Verges v. Concourse Residential Hotel, Inc.

Verges v Concourse Residential Hotel, Inc. (2020 NY Slip Op 05708)
Verges v Concourse Residential Hotel, Inc.
2020 NY Slip Op 05708
Decided on October 13, 2020
Appellate Division, First Department
Published by New York State Law Reporting Bureau pursuant to Judiciary Law § 431.
This opinion is uncorrected and subject to revision before publication in the Official Reports.


Decided and Entered: October 13, 2020
Before: Gische, J.P., Singh, Kennedy, Mendez, JJ.

Index No. 305974/08 Appeal No. 12053 Case No. 2019-5021

[*1]Angel Verges, et al., Plaintiffs-Respondents,

v

Concourse Residential Hotel, Inc., Defendant-Appellant, The City of New York, Defendant.




Molod Spitz & DeSantis, P.C., New York (Marcy Sonneborn of counsel), for appellant.
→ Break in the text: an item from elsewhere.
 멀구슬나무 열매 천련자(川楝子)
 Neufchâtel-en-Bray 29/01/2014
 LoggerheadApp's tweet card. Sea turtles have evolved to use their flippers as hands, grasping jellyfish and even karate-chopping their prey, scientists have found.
Rubert & Gross, P.C., New York (Soledad Rubert of counsel), for respondents.



Order, Supreme Court, Bronx County (Mitchell J. Danziger, J.), entered on or about December 11, 2018, which, inter alia, denied the motion of defendant Concourse Residential Hotel, Inc. for summary judgment dismissing the complaint as against it, unanimously affirmed, without costs.

Plaintiff Angel Verges was injured when, while descending an interior stairwell in defendant's homeless shelter, he slipped and fell on a milky substance. Plaintiffs alleged that the milky substance was a recurring condition caused by defendant's employees dragging garbage bags down the staircase, which was routinely left unaddressed by defendant.

Defendant submitted affidavits of its building manager and a porter, who both stated that it was defendant's practice to clean the stairwell twice a day, and that the porter cleaned the stairwell on the day of the accident and prior to plaintiff's fall and did not see any debris on the staircase. These affidavits failed to satisfy defendant's prima facie burden as they cannot be considered because defendant only identified those witnesses after it filed its summary judgment motion, despite plaintiffs' prior request to identify all employees with knowledge of the facts and circumstances of the accident and numerous court orders directing defendant to do so (see Garcia v City of New York, 98 AD3d 857, 858 [1st Dept 2012]; Colon v Chelsea Piers Mgt., Inc., 50 AD3d 616, 617 [1st Dept 2008]).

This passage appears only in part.